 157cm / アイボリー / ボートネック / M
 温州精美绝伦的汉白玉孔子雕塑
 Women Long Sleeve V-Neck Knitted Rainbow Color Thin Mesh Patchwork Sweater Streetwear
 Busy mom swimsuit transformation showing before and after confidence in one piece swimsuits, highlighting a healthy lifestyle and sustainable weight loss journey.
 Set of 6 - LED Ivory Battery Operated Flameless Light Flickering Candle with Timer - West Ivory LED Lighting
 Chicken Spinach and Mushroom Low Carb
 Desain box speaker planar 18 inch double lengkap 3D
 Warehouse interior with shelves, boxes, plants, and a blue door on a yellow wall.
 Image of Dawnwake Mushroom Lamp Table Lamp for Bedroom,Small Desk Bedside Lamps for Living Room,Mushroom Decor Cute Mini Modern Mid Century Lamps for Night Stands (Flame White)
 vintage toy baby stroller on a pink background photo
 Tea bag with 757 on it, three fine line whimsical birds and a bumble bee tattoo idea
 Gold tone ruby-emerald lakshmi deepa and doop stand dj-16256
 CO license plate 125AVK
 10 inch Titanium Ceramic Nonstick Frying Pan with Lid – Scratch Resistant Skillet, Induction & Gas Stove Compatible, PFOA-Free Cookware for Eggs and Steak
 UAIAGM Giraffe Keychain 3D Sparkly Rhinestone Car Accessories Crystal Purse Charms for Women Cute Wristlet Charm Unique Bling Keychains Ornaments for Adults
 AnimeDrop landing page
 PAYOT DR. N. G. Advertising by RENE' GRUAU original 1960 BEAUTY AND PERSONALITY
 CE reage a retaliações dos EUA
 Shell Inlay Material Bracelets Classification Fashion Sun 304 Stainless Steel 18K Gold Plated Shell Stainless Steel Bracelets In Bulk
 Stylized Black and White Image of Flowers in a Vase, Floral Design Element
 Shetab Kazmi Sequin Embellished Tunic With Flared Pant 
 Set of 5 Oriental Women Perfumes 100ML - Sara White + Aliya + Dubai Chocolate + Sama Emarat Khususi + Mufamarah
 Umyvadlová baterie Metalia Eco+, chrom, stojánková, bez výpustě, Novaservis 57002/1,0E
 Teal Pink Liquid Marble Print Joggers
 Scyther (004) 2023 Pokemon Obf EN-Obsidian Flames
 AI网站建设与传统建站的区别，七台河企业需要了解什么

+ + + +

■ WHAT YOU ARE ASKED TO DO
Output must be limited to the lines beginning with the one that contains "CE reage a retaliações dos EUA" and ending with the last line of the entries, reproduced exactly.

■ SOLUTION FOR THIS PROBLEM
 CE reage a retaliações dos EUA
 Shell Inlay Material Bracelets Classification Fashion Sun 304 Stainless Steel 18K Gold Plated Shell Stainless Steel Bracelets In Bulk
 Stylized Black and White Image of Flowers in a Vase, Floral Design Element
 Shetab Kazmi Sequin Embellished Tunic With Flared Pant 
 Set of 5 Oriental Women Perfumes 100ML - Sara White + Aliya + Dubai Chocolate + Sama Emarat Khususi + Mufamarah
 Umyvadlová baterie Metalia Eco+, chrom, stojánková, bez výpustě, Novaservis 57002/1,0E
 Teal Pink Liquid Marble Print Joggers
 Scyther (004) 2023 Pokemon Obf EN-Obsidian Flames
 AI网站建设与传统建站的区别，七台河企业需要了解什么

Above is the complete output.